Samba does not synchronize generated file containing this ID map. No
synchronization and xID random xID fathers to xID inconsistency.

This is not necessarily an issue: with only one DC (a config I can't
approve) no issue: Sysvol is hosted by only one DC, no inconsistency when
your are alone (that's when you met people that craziness appears :). File
servers do not host same files normally: AD DC are hosting Sysvol and
NetLogon and these both shares are not hosted on file servers which are
hosting others files. Different files so no issue with rights... as long as
you don't have to make copy or displace files from server to server, in
that case that could be a mess..

Solution seems to be:
- give UID/GID to everything in AD. Your users and those in CN=BUILTIN and
CN=Users too.
- synchronize private/idmap.ldb across your DC at least (they all host
Sysvol, sysvol is rsynced, here you can have issues with UID/GID). Members
servers seem to not have that file.
- use "net cache flush" to clear idmap cache on every server (members
included). Once cache is cleared, Winbind would need to find out what
UID/GID to use, it should now rely on UID:GID declared into AD database and
the issue should disappear.

Post by Mueller
So you need to configure winbindd the right way to solve this.
In deed if you have another UID it can result in "access refused".
This is an issue I treid to discuss since samba4 started and I think this
should be an integrated thing in samba ads to member server
Without having admins to bother about.
Greetings
Daniel
EDV Daniel Müller
Leitung EDV
Tropenklinik Paul-Lechler-Krankenhaus
Paul-Lechler-Str. 24
72076 Tübingen
Tel.: 07071/206-463, Fax: 07071/206-499
Internet: www.tropenklinik.de
-----Ursprüngliche Nachricht-----
Gesendet: Montag, 13. Juni 2016 17:32
Betreff: [Samba] Samba 4 Member server show diferent UID than Ad Server
Hello friends, I come to ask for a hand.
I have an AD server with Samba 4.1 and added a Member Server 4.4 without problems.
The only problem I'm having is that the UID of users in the Member Server
are different from the AD server.
Ad Server
KENNEDY\florenciaelmone:*:3000679:100:Florencia Elmone
Domingues:/home/KENNEDY/florenciaelmone:/bin/false
Member Server
florenciaelmone:*:100002:100008:Florencia Elmone
Domingues:/home/KENNEDY/florenciaelmone:/bin/false
Some way to resolve this?
Thanks.
--
To unsubscribe from this list go to the following URL and read the
instructions: https://lists.samba.org/mailman/options/samba
--
To unsubscribe from this list go to the following URL and read the
instructions: https://lists.samba.org/mailman/options/samba

--
To unsubscribe from this list go to the following URL and read the
instructions: https://lists.samba.org/mailman/options/samba

Juan Ignacio

2016-06-14 15:00:02 UTC

I like the idea.

- synchronize private/idmap.ldb across your DC at least (they all host
Sysvol, sysvol is rsynced, here you can have issues with UID/GID). Members
servers seem to not have that file.

But in my Domain Controler I do not find this file.

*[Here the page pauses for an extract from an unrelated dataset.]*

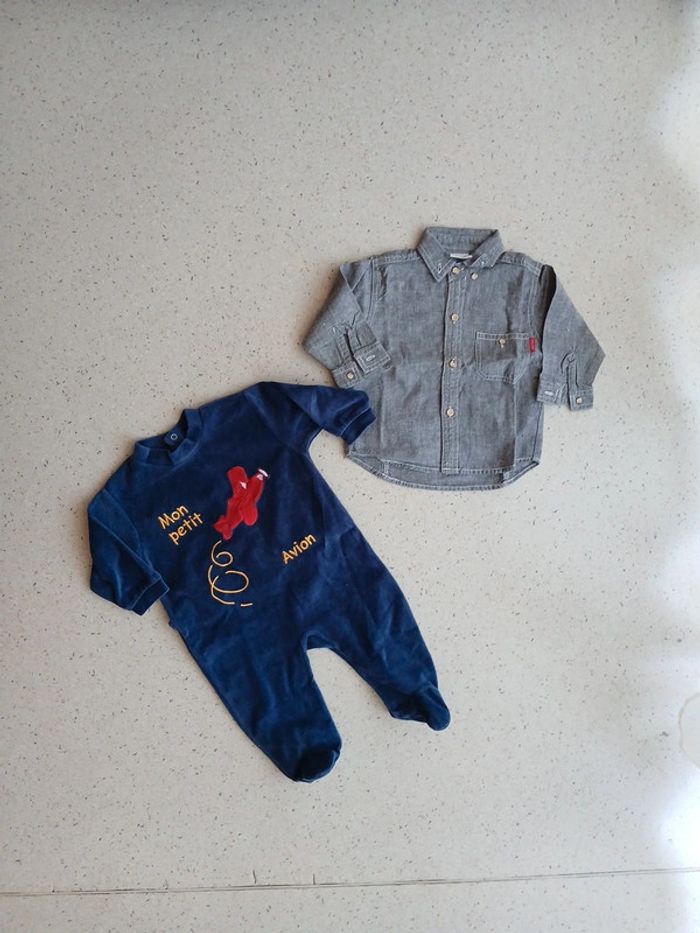 Lot revendeur 38 vêtements bébé garçon - photo numéro 7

I found the file in the AD DC.

There any way to avoid adding UID users, or impossible without doing this.
They are as 300 users.

Analista Inf.
Juan Ignacio Pazos
<http://www.linkedin.com/pub/juan-ignacio-pazos-lorenzo/19/9b9/26a>

Post by mathias dufresne
Without UID and / or GID configured into AD database (into LDAP tree) Samba
would give UID / GID to users and groups when needed, and as nothing is
written, Samba has to guess. This guessing process is called id mapping.
Samba does not synchronize generated file containing this ID map. No
synchronization and xID random xID fathers to xID inconsistency.
This is not necessarily an issue: with only one DC (a config I can't
approve) no issue: Sysvol is hosted by only one DC, no inconsistency when
your are alone (that's when you met people that craziness appears :). File
servers do not host same files normally: AD DC are hosting Sysvol and
NetLogon and these both shares are not hosted on file servers which are
hosting others files. Different files so no issue with rights... as long as
you don't have to make copy or displace files from server to server, in
that case that could be a mess..
- give UID/GID to everything in AD. Your users and those in CN=BUILTIN and
CN=Users too.
- synchronize private/idmap.ldb across your DC at least (they all host
Sysvol, sysvol is rsynced, here you can have issues with UID/GID). Members
servers seem to not have that file.
- use "net cache flush" to clear idmap cache on every server (members
included). Once cache is cleared, Winbind would need to find out what
UID/GID to use, it should now rely on UID:GID declared into AD database and
the issue should disappear.

--
To unsubscribe from this list go to the following URL and read the
instructions: https://lists.samba.org/mailman/options/samba

mathias dufresne

2016-06-14 15:20:02 UTC

Post by Juan Ignacio
I like the idea.
- synchronize private/idmap.ldb across your DC at least (they all host
Sysvol, sysvol is rsynced, here you can have issues with UID/GID). Members
servers seem to not have that file.
But in my Domain Controler I do not find this file.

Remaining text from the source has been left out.